## Task to complete:
In the data below, set down exactly the lines from the one containing "Massey Ferguson Traktoren" up to and including the one containing "Ultra-Thin Foldable PU". Leave the pictures out.

## Task data:

-- Opening Marker --

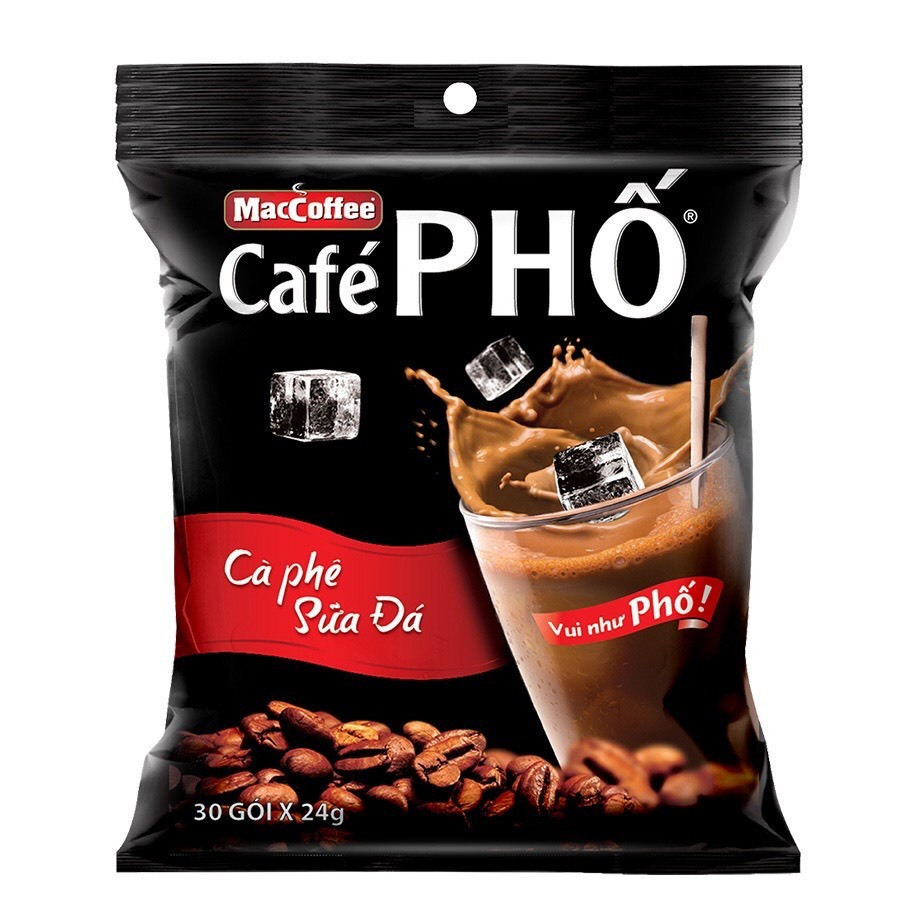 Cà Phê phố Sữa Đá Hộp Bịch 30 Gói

-- Closing Marker --
-- Opening Marker --

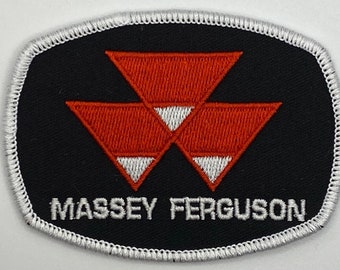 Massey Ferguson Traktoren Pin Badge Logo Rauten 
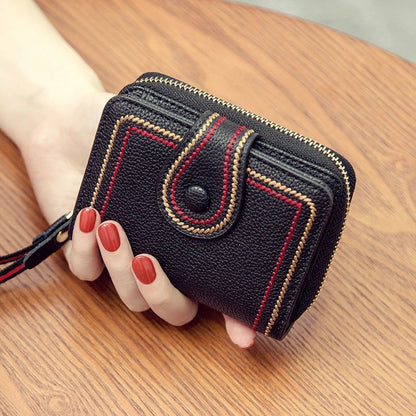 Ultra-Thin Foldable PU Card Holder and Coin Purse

-- Closing Marker --
-- Opening Marker --

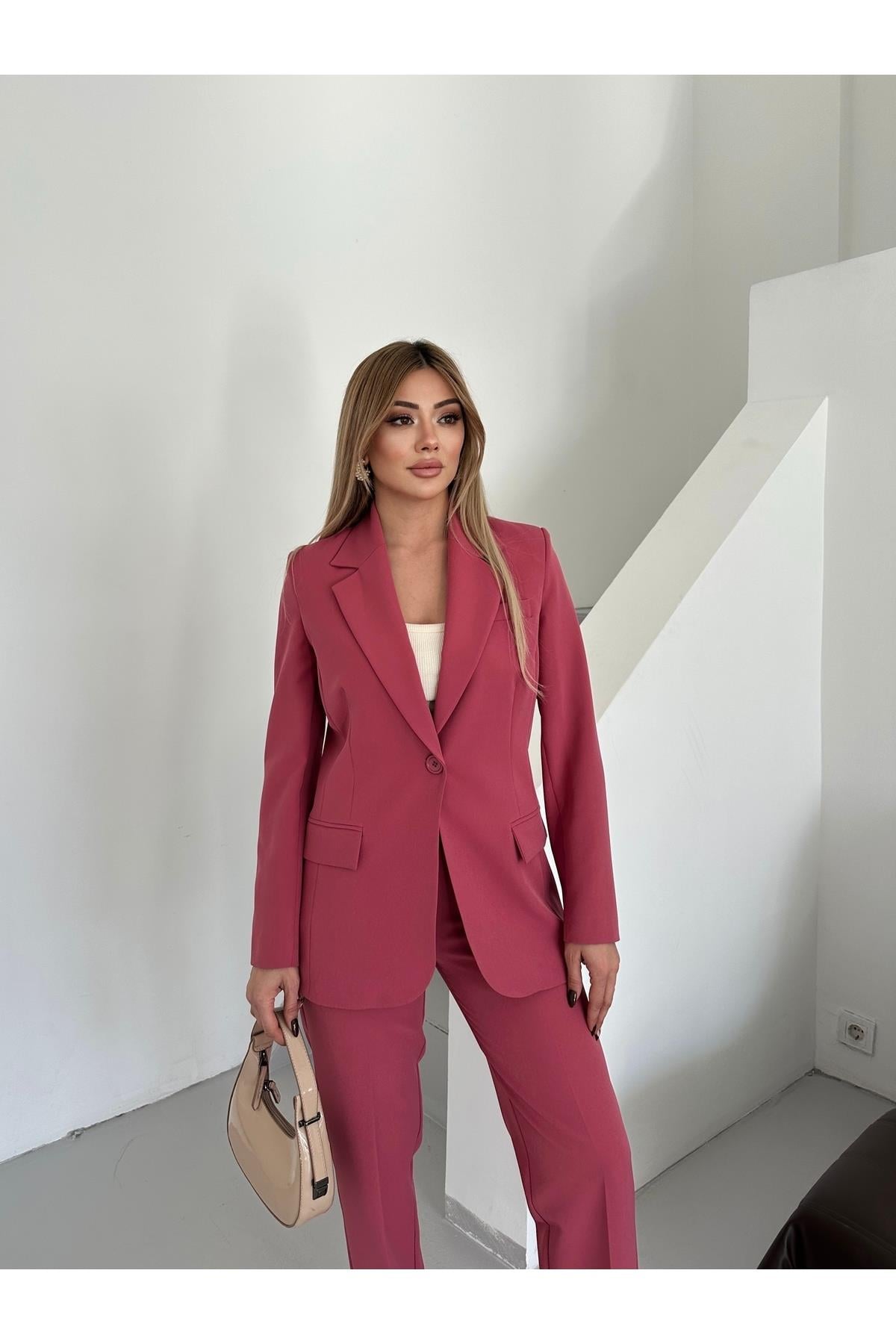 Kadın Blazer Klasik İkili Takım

-- Closing Marker --

## Final answer:
 Massey Ferguson Traktoren Pin Badge Logo Rauten 
 Ultra-Thin Foldable PU Card Holder and Coin Purse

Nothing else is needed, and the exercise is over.